Choosing a Variety
When deciding what type of Peppers you want to grow, you will need to consider size, flavor, and color. In the category of sweet or salad Peppers, your choices include bell and pimento as well as some banana and cherry varieties. If heat is what you want, you can grow Habñero, Jalapeño, Anaheim, or Hungarian Peppers. Sweet and hot Peppers come in a rainbow of beautiful colors - green, yellow, red, orange, and even purple. So not only are they delicious, they make great eye-candy!
   
(L to R: yellow hungarian; cascabel; peter;(immature) alma paprika; jalapeno)
When to Start
It's best to start your Peppers inside about 8 weeks before the last frost and at a temperature of 75-80 degrees F. They can be sown outdoors in early summer when the soil remains above 65 degrees F, but indoor germination is recommended.
How to Start
If you're using a potting mix, plant at a depth of 4 times the size of the seed (below a 1/4 inch of soil). If the room where you have your seeds isn't at least 70 degrees F, you can use a seedling heat mat to raise the temperature. As the first leaves appear, however, lower the temperature a bit, to 70-75 degrees F.

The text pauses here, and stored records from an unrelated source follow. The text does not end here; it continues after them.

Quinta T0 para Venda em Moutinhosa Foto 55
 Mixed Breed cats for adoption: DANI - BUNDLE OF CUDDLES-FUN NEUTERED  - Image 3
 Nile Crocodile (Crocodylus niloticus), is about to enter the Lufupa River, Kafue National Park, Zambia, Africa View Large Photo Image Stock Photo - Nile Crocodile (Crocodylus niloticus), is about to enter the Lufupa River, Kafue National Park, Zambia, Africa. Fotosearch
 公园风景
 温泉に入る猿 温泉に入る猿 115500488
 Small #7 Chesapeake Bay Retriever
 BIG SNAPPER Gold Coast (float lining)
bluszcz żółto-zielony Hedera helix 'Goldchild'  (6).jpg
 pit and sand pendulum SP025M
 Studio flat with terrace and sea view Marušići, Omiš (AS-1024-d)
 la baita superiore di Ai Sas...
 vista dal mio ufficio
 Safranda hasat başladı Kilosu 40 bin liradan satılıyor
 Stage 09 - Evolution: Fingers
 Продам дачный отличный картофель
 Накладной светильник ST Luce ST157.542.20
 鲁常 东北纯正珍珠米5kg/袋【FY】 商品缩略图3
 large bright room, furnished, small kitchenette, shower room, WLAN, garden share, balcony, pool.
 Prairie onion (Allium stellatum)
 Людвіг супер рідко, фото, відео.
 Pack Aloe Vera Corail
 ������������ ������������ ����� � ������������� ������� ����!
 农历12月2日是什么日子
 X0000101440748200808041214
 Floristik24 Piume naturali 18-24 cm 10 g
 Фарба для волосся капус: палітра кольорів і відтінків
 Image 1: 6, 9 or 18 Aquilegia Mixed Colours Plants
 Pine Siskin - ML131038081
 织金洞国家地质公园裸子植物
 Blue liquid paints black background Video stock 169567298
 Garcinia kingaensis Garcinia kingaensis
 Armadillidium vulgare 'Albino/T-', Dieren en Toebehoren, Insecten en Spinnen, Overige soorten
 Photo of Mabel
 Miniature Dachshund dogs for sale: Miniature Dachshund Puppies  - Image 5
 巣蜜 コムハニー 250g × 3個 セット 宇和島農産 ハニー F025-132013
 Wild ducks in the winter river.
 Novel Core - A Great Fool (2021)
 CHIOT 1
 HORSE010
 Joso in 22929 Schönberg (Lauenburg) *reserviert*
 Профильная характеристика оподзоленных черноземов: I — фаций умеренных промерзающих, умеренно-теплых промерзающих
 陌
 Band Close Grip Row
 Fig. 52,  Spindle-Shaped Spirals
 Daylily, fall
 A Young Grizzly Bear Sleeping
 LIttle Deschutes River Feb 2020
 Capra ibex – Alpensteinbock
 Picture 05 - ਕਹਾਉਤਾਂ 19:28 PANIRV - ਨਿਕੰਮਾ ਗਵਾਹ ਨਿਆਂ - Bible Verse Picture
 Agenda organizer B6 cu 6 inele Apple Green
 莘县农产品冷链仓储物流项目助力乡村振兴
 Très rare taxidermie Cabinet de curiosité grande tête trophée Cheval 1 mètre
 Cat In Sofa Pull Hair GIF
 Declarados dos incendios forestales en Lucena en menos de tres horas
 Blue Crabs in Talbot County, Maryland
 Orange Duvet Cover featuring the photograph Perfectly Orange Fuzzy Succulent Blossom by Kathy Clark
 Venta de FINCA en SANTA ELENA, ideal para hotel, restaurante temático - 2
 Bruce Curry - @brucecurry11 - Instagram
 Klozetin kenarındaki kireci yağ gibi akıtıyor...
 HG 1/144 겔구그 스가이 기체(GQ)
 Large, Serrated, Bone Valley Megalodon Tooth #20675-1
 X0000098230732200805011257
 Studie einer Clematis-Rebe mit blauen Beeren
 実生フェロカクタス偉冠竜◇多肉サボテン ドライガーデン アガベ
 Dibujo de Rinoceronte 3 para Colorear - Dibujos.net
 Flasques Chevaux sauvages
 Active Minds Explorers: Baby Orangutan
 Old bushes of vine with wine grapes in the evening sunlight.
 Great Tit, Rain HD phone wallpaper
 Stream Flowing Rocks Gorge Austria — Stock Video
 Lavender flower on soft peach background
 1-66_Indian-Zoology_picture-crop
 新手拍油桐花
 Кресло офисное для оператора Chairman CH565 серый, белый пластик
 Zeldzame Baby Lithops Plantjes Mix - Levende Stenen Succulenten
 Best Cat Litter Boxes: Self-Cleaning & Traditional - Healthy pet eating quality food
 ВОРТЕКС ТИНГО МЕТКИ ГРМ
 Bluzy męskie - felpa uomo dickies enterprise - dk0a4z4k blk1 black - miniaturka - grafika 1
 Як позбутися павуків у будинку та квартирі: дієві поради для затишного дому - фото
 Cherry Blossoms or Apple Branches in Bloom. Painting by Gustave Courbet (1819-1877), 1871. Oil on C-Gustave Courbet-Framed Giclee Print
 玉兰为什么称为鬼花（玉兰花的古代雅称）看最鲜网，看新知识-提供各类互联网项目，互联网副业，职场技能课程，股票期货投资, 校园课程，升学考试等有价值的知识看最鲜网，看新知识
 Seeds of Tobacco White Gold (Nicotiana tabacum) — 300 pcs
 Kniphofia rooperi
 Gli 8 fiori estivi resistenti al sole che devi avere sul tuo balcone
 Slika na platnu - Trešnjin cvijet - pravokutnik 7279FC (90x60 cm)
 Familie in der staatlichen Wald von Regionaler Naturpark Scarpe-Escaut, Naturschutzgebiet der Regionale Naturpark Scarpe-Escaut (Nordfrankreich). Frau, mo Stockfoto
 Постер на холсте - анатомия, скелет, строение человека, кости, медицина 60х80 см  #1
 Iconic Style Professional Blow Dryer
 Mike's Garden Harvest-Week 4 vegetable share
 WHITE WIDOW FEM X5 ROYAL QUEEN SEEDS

Fluorescent light for around 14 to 16 hours a day is also ideal for the fastest growth. You will want to keep the seedlings just a few inches below the light so they don't "stretch" and get "leggy". If you don't have strong artificial light, a sunny window will work, too.
Germination should occur in 10-20 days and fruit should appear in 50-80 days after transplanting, 100-120 days from sowing seed, depending on the variety.
Planting Out
About 2 weeks before your transplant date work the garden soil thoroughly, adding compost and fertilizer then cover the soil with a tarp or plastic mulch to keep the weeds from sprouting until you're ready to plant. The use of mulch or a pop-up cold frame will also warm the soil, an important step before planting your young Peppers.
Ten days before transplanting start "hardening off" your young plants by setting them outdoors in a lightly shaded area for an hour or two. The next day, give them a longer visit outside until they remain outdoors overnight, still in their pots. If a cold spell hits, bring them indoors again to wait for the temperature to rise.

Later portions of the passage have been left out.